Les subventions publiques auraient pu favoriser une méthanisation qui permette l’autonomie des fermes et l’autoproduction de petits territoires. C’est ce que propose un groupe de paysans avec la micro-et même la picométhanisation. En Ariège, M. Joël Dupuy et d’autres éleveurs, accompagnés par l’Association régionale pour le développement de l’emploi agricole et rural (Ardear) d’Occitanie, ont développé un méthaniseur par voie sèche et discontinue qui peut être arrêté plusieurs mois. « Nos trois méthaniseurs de 90 mètres cubes chacun fonctionneront quatre mois au total, précise M. Dupuy. Cela permet d’utiliser nos 600 tonnes de fumier pendant l’hiver, mais sans avoir besoin de mettre autre chose quand les animaux sont en pacage à l’extérieur le reste de l’année. » Autre point important pour ces paysans : l’accessibilité de ces unités. « Un des travers des gros méthaniseurs aujourd’hui, c’est de présenter des projets à 1 million d’euros minimum et souvent bien plus. Économiquement c’est juste rentable, écologiquement l’impact est énorme. On essaye d’avoir une enveloppe plus légère, entre 200 000 et 500 000 euros. Nos plans et données techniques sont aussi libres de droits pour que tout le monde puisse arriver à faire de la méthanisation de petite dimension presque soi-même. »

Dans les Hautes-Pyrénées, M. Pierlo Scherrer et sa conjointe Sandrine veulent ainsi que leur ferme soit autonome en énergie. Ils alimentent depuis trois ans un petit méthaniseur avec leur tonne annuelle de déchets issus des fruits et légumes qu’ils produisent et transforment. Aucun transport de matière, ni pour des intrants ni pour des déchets. « Notre idée était surtout de valoriser tout ce qu’on a sur la ferme, précise M. Scherrer. Notre digestat retourne sur les cultures. Et cela fournit 75 % des douze bouteilles de gaz que consomme la cuisinière pour la transformation. Nous sommes un site pilote, donc encore en expérimentation. Notre objectif est d’atteindre 100 % de notre consommation de gaz. »

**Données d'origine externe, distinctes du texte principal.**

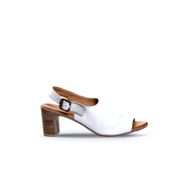 Bueno Shoes 01WN1513 Beyaz Deri Kadın Topuklu Sandalet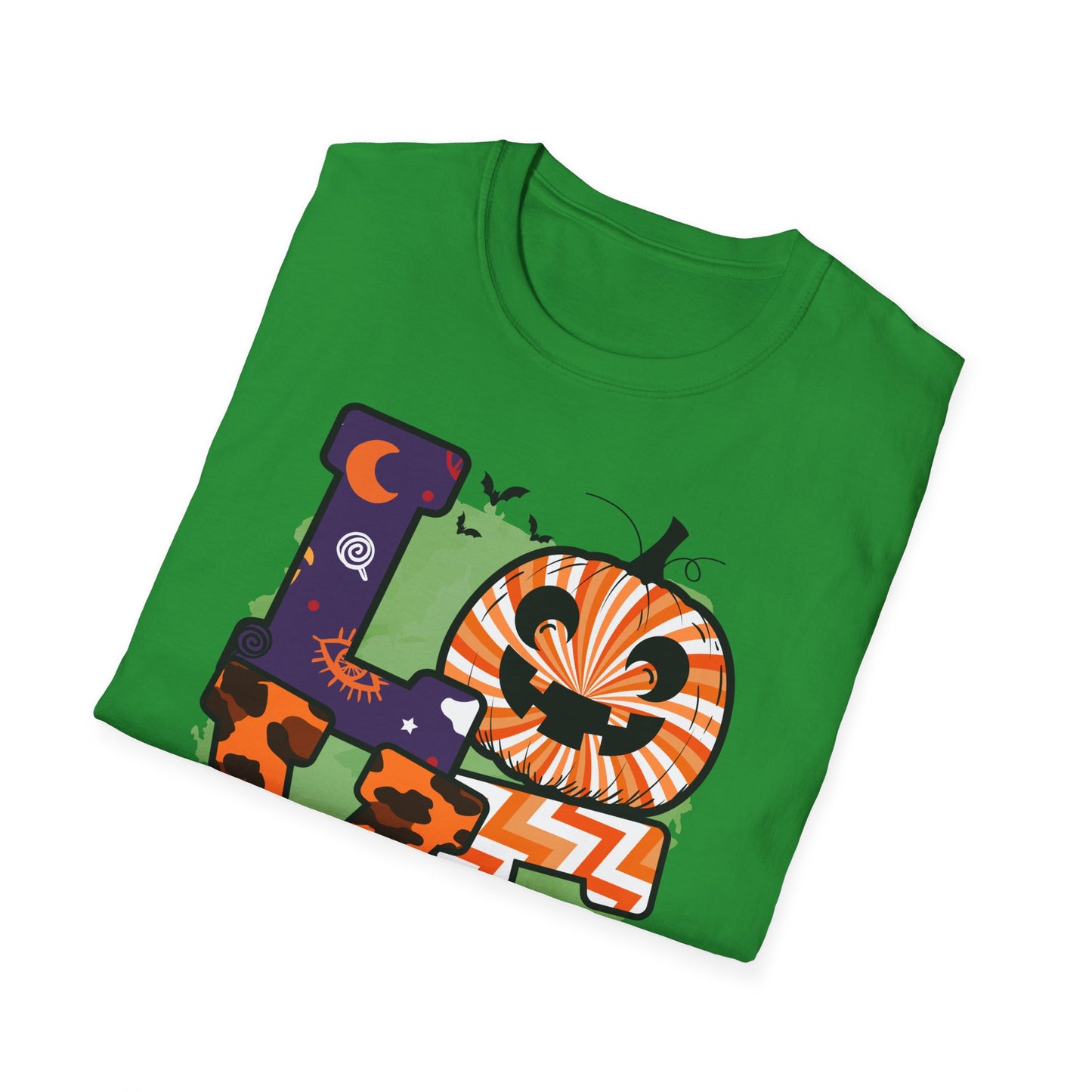 Halloween Love T-Shirt | Unisex Softstyle Tee for Fall | Spooky Season Apparel | Cute Halloween Shirt | Gift for Ghost Lovers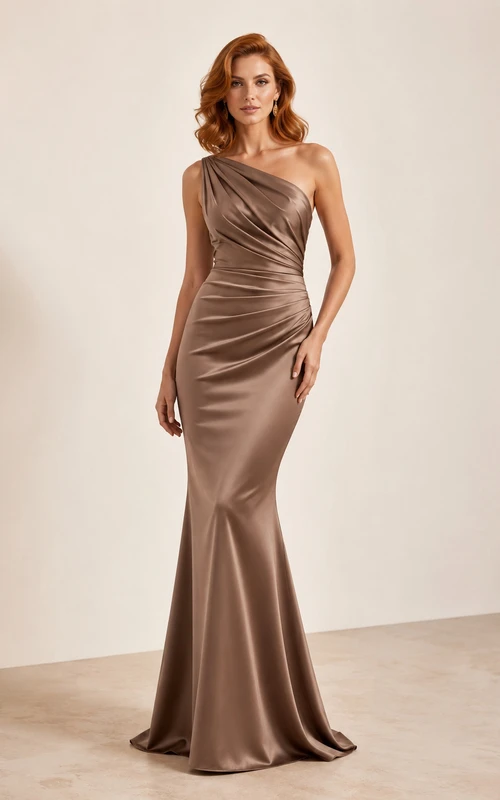 Mocha one shoulder ruched satin mermaid floor length evening dress
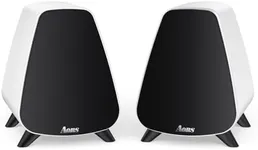 AORS AS31 Active Bookshelf Speakers Bluetooth 5.3, 2-Way Stereo PC Desktop 80W RMS/3-inch Bass/Midrange/RCA and Fiber Optic Inputs, Wooden Compact High-Power Speakers - Matte Skin White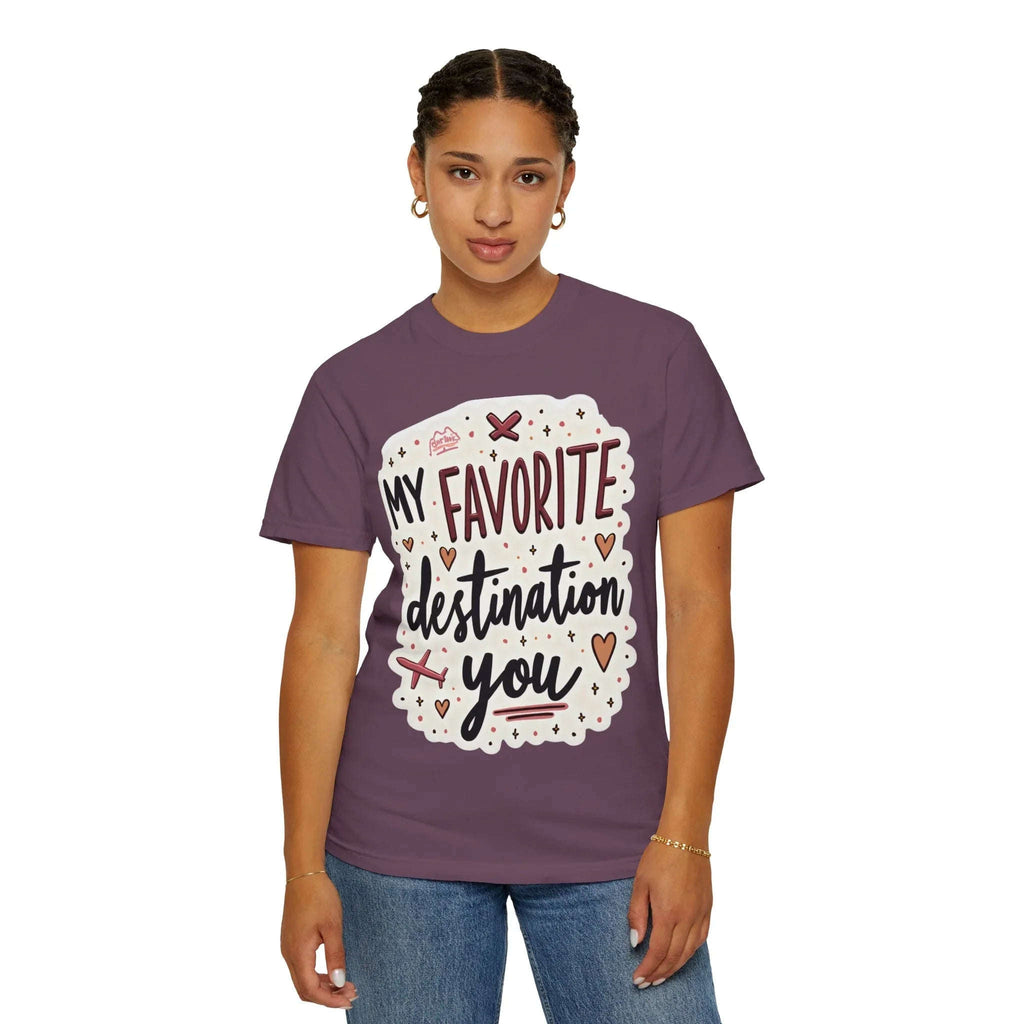 My Favorite Destination You Shirt, Travel Love Typography T-Shirt, Hearts and Planes Tee, Couples Road Trip Gift, Anniversary Valentine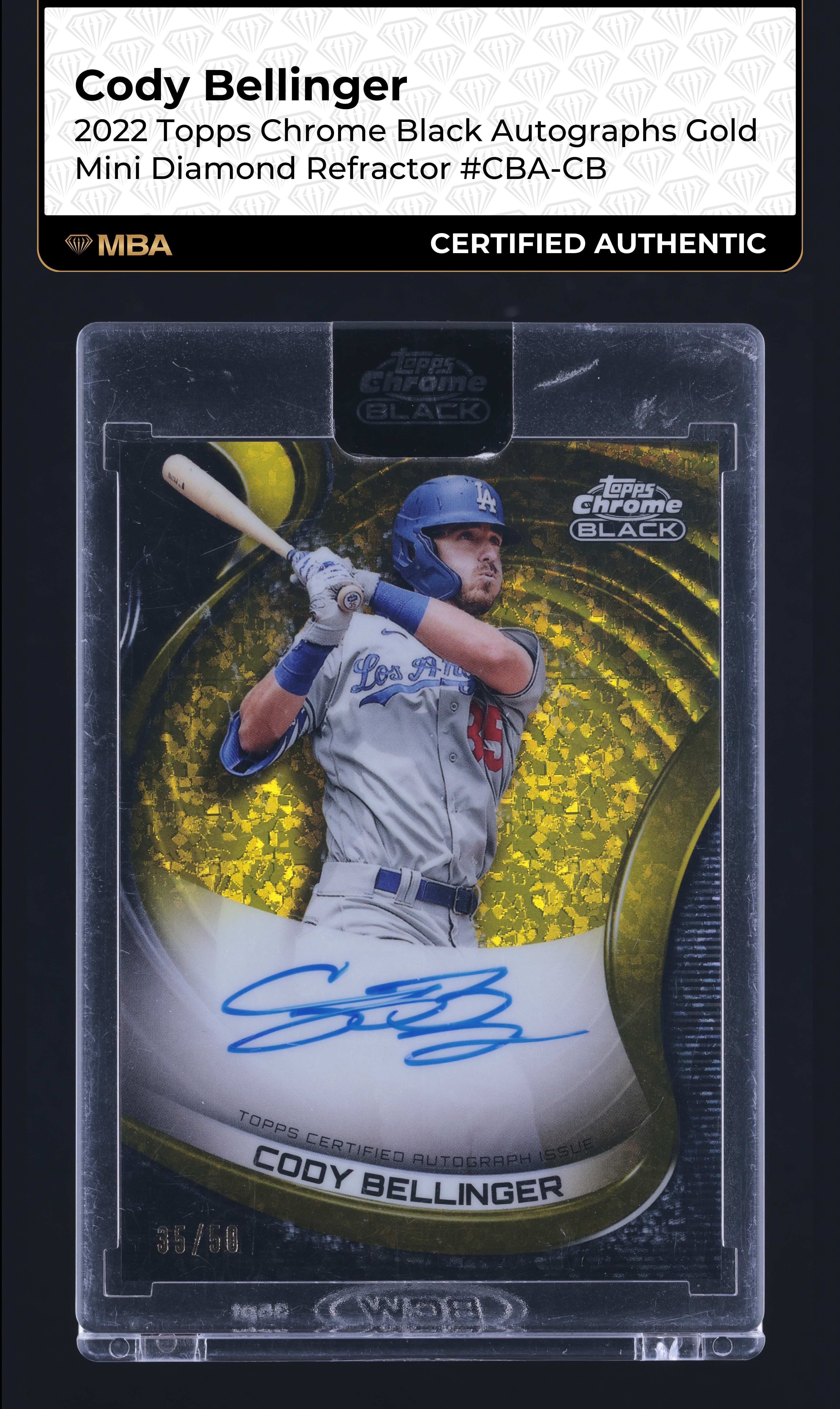 2022 Topps Chrome Black Gold Diamond Refractor Cody Bellinger AUTO /50 MBA AUTH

Ces paysans rêvent d’un autre modèle : des fermes à échelle humaine, les plus autonomes possible, qui répondent aux besoins alimentaires locaux, leur permettent de vivre dignement et qui utilisent les ressources qu’elles possèdent pour fabriquer l’énergie dont elles et les habitants alentour ont besoin. À l’heure actuelle, la méthanisation orientée vers de grosses structures permet simplement de redonner du souffle à un modèle agricole industriel qui apparaît dans une impasse. Certes, elle n’est qu’un outil, pouvant être utilisée pour le pire ou le meilleur. « On ne demande pas à la méthanisation de changer le système agricole à elle seule, insiste Christian Couturier. Il faut d’abord qu’il y ait une volonté de changement. » Le problème réside peut-être là.